MAPS is over! A couple weeks ago I wrote about how we had only one more round to go and now I can happily announce that it is over for the year. It’s not that we don’t like MAPS – it’s just that it lacks the comfort of the migration station and once falls migration starts it is nice to be able to fully devote ourselves to it without worrying about squeezing in MAPS rounds. Overall it was a great MAPS season – our second best in-fact. We banded 396 birds representing 30 species which is nearly twice the average of 215 birds of 24 species. Our top banded species were the white-throated sparrow (94 banded), ovenbird (40) Lincoln’s sparrow (35) and mourning warbler (29). Although the top two species are regulars to the list, birds three and four have never appeared on the top banded list before. On average only 1.5 Lincoln’s sparrows and 9 mourning warblers are banded annually at our MAPS sites. We could tell early in the season that both species seemed more common than they usually are, but now that the numbers are in it is clear that they were extremely more common. The local population boom is thanks to the forest tent caterpillars. With the forest canopy stripped of its leaves, sun could reach the shrub layer promoting an extremely thick understory which is where both Lincoln’s sparrow and mourning warblers nest and forage.
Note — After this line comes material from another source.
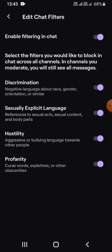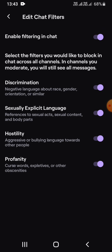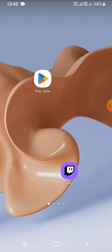For instance, if you would like to see discrimination-related content, you can simply turn that off. And if you would like to see sexually explicit language, then simply enable it. And that is how easily you can change NSFW settings on Twitch.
Bird activity has also been excellent on the fall migration front. The weather has been working with us for most of the week and we have been catching lots of birds of a huge diversity of species, including another black-throated green warbler and a couple Cape May warblers. Most days we have banded over 50 birds and we even had a day with 108 birds. Currently, warblers make up the bulk of the migrants we’re seeing with Tennessee warbler and myrtle warbler being the most common. We have also seen lots of yellow warbler, American redstart, black-and-white warbler, Canada warbler and even some of the less common species like palm warbler, magnolia warbler and bay-breasted warbler. Some of the non-warblers that have been around in good numbers that are likely also hitting the feeders in town with voracity are western tanager, rose-breasted grosbeak and purple finch.
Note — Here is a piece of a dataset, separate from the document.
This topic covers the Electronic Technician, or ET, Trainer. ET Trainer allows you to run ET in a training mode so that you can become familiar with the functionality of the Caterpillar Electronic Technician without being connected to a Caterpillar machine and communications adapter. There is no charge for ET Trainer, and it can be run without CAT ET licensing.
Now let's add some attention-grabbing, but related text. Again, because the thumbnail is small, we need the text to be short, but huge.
Juvenile Tennessee warbler
Perhaps the most interesting abundant bird species right now are red-eyed vireo. Although a very common species, we generally only have a couple breeding pairs around the lab. Over the last few days though, we have been seeing upwards of 40 individuals just hanging around the lab feeding, squawking and chasing the other birds around. There are so many around that we actually banded more in a single day than we normally band in an entire season. Once again, we have the caterpillars to thank – red-eyed vireo are one of the few species of bird that feed on tent caterpillars. With such a rich food source early in the season the adult vireo were able to produce lots and lots of cute little baby vireo.